Saturday, June 2, 2007

A Moment of (Now-Deleted) Bitching

(It's probably not a good thing when you think about a blog post afterwards and wonder "Was that really necessary?" So in the interest of fairness to my roomie--who, granted! was being a bit of a butthead for the past couple of days--I have removed the meat of a long bitchy post about his various quirks and lack of manners in some regard. He pisses me off sometimes, but: a) he's not a bad guy, really; b) he's TRYING to do right; and c) everyone gets excused for the occasional episode of ferocious buttheadedness. So the bitchfulness has been edited and consigned forever to "draft" status, and the non-bitchful portion of the post has been reproduced below, since it contains some relevant info.

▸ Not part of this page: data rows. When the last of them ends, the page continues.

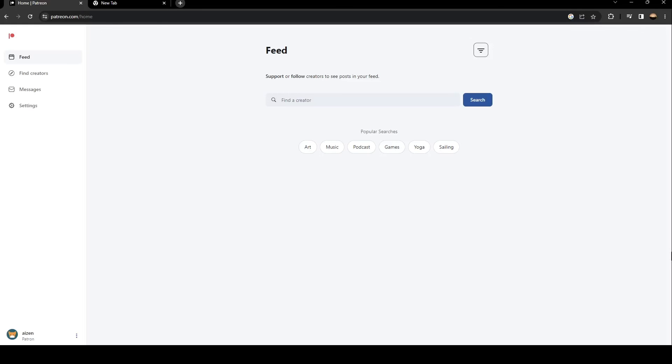So basically, in order to log out from your Patreon account, just go here in the bottom left corner. And you're going to find these three dots. Just click and then click on log out.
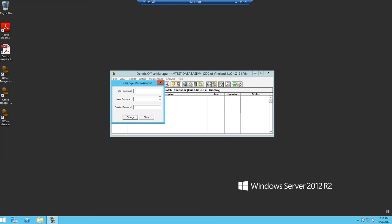Type in the old password, then enter your new password, and then reconfirm your password. Select Change.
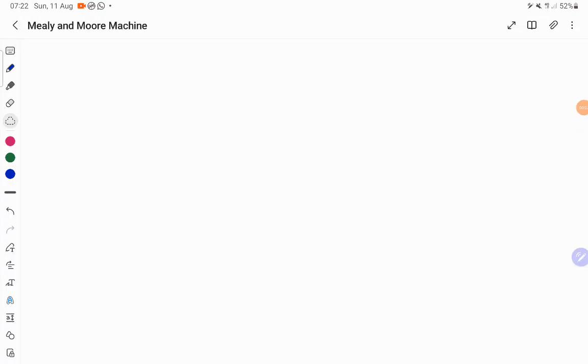Hello everyone. In today's session we are going to discuss a special type of automata, a finite automata. We call it the Moore and Mealy machine.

However, since I am not inclined to let an entire post go by without crabbing about SOMETHING, let me oblige myself by saying: Is HOT. Is REALLY, REALLY hot. I feel...spongy. ::end bitching::)

... (paragraphs of needless crabbiness deleted)...
...In other, actually-important news: I had an interview Wednesday and another one next week, both for jobs that look really good. So we shall see... I'm hoping the first job calls me back for a second interview...I'm thinking that kinda might not happen, though, since they said they were going to decide who to call back by Monday at the latest, and here it is Friday and I've heard nuthin'. Still, the very fact that I got two calls right away makes me feel much more optimistic about the whole job-hunt process.

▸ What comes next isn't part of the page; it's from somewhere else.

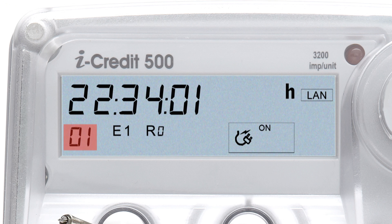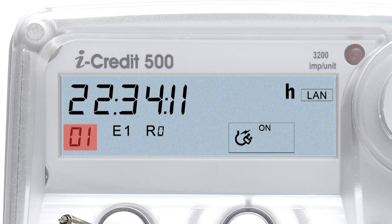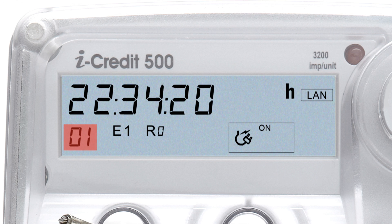When you scroll through to 01, the display will show 24-hour time in hours, minutes and seconds. The time is permanently programmed to show Australian Eastern Standard Time. For information on how this might affect your peak and off-peak times during daylight savings, please contact your electricity retailer.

I do, though, hate the trepidation with which I now view the concept of "work". I feel like I will be walking on eggshells forever, because now I know firsthand what it's like to be out of work for a long time and to lose a job without warning--and I know once I get another job, I'm going to want to avoid that at any cost. I know it's going to keep me from speaking my mind sometimes, and keep me from taking any kind of risks--even if it's a good thing--just for fear of losing my security. And that sucks.

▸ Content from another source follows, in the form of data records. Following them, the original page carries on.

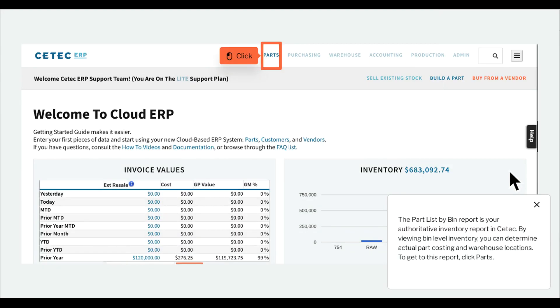The part list by bin report is your authoritative inventory report in CTEC. By viewing bin level inventory, you can determine actual part costing and warehouse locations.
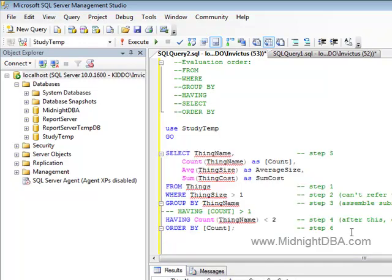So there you go, quick little thing there on evaluation order. For more on that, you should check out a really good discussion by Itzik Ben-Gahn, sorry if I got that wrong, in his SQL Server 08 T-SQL Fundamentals book.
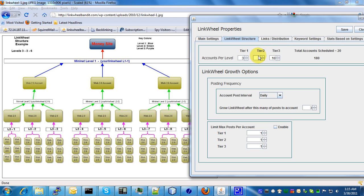That's basically how the accounts per level work. I know it's kind of vague at this time, but we will have more tutorials in the future explaining it better. I'd say for your first couple link wheels, this example is probably a good starting point.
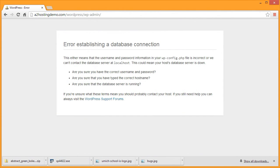If you've recently moved or edited the MySQL database information for your WordPress install, you might run into this screen: Error Establishing a Database Connection.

Still, if it means I've got a job, I'll settle for the sense of trepidation, no questions asked!

1 comment:

  1. Aw, I always miss the good stuff...

    On the job front: take heart! My mom, after FINALLY getting a job again after being laid off after 13 yrs. of faithful service to USAA (not to mention unfairly cheated out of her retirement benefits) was hired at a small credit union, only to be let go within the first 3 days (!!) and told she "couldn't keep up" by someone half her age...ARGH!

    She is now working for a very nice man about my age...still no benes but! no bullshit, either :)

    You'll find something great, I know, and totally suited to you. If in doubt, just look around your neighborhood post office...I guarantee you are 100% employable!